[WHAT TO DO]
Word for word, print the entries that follow.

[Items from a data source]

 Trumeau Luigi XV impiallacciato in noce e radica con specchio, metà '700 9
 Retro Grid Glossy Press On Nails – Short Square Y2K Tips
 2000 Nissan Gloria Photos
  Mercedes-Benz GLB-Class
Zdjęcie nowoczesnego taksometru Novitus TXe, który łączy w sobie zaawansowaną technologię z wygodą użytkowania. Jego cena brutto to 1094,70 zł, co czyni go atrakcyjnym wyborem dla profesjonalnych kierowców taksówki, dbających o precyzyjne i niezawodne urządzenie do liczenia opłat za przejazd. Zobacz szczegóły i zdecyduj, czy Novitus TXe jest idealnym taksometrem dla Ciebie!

[OUTPUT FOR THIS EXERCISE]
 Trumeau Luigi XV impiallacciato in noce e radica con specchio, metà '700 9
 Retro Grid Glossy Press On Nails – Short Square Y2K Tips
 2000 Nissan Gloria Photos
  Mercedes-Benz GLB-Class
Zdjęcie nowoczesnego taksometru Novitus TXe, który łączy w sobie zaawansowaną technologię z wygodą użytkowania. Jego cena brutto to 1094,70 zł, co czyni go atrakcyjnym wyborem dla profesjonalnych kierowców taksówki, dbających o precyzyjne i niezawodne urządzenie do liczenia opłat za przejazd. Zobacz szczegóły i zdecyduj, czy Novitus TXe jest idealnym taksometrem dla Ciebie!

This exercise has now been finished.